Even now, I struggle to maintain the true and precious friendships I already have, let alone reach out and make new ones. My friends will probably laugh after reading that sentence, because they know they do most of the maintenance in our relationship. Somehow, after college, or maybe marriage, or maybe children, I forgot how to make friends. I can’t blame my life season, though, because as I reflect on my personal history, I think I have always entered into relationships in a self-centered way: Do I like this person? Are we kindred spirits? What do I get out of this friendship? Is it life-giving? Do I enjoy it? I am also pitifully weak when it comes to navigating the waters of small talk, which is a fairly integral part of starting a friendship. I want to jump right into the good stuff—past utility, past pleasure even, and right into the deep waters of the heart.

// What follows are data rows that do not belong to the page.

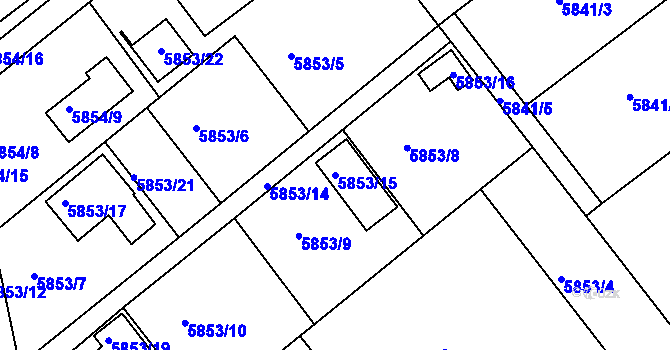 Parcela st. 5853/15 v KÚ Mělník, Katastrální mapa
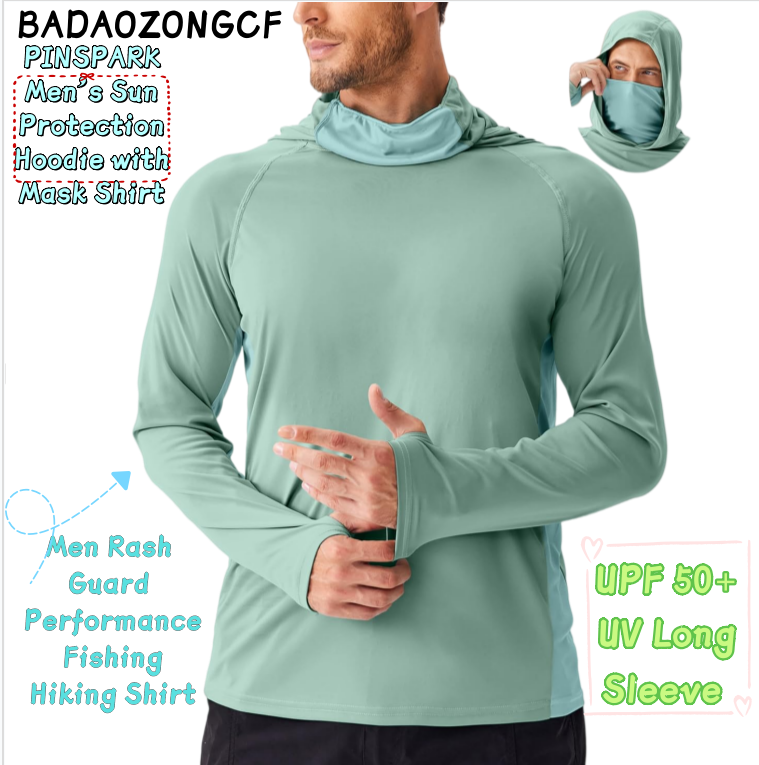 Fishing Mask Sun Protection - เสื้อฮู้ดกันแดดสำหรับผู้ชาย PINSPARK พร้อมหน้ากากป้องกัน UV UPF 50+
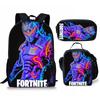 Fortnite Cartoon Printed Backpack Set Lightweight Computer Bag Male And Female School Bag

There is something lazy about jumping right in. It avoids all the minutia, all the hard work. It avoids the intentional phone call that remembers a detail or the gracious text that recalls something particular. I want easy friendships that explode like fireworks and sear in alliance by mutual passions and connections. And I want them to come quickly.
I want to blame my life season for my small and homogenous friend group. But I don’t think that’s my problem. I think the merging of my life-season with this memory of my mother might be the one of the greatest gifts in the shaping of my character. Because my mother had a lot of friends, and as I look to the left and look to the right and see few obvious friends at my beck and call, I realize that real friendships are not based on who you know, or where you went to school. They begin when we reach out of our own lives and extend a hand or make space for another to move in. It happens when you make an effort to take interest in a life that does not necessarily intersect our own. Like my mother used to settle us down for some quiet time in the afternoon and before clearing up the dishes from lunch or wiping down the counter, she picked up the phone and called a friend to talk about the little things, or maybe the big things. To celebrate the triumphs or mourn the defeats in their respective days. She didn’t take a coveted nap or get started on dinner so that her evening would run more smoothly. She picked up the phone and called a friend. That was how she made them - and that was how she kept them.
In a world where we are often measured by the “likes” of distant acquaintances or an arbitrary page tells us we have thousands of “friends,” friendship is something of a lost art. But I think it begins in reaching out of the never-ending busy that is life, and making the effort to start the conversation. To set aside our own felt needs in a way that feels sacrificial in the moment, but that, I am told, is well worth the investment. In this way, it returns itself to the one who begins it in the first place—it becomes a safe haven, a respite, a home for the one who lives it day by day. Even if it’s for a few minutes, on the phone.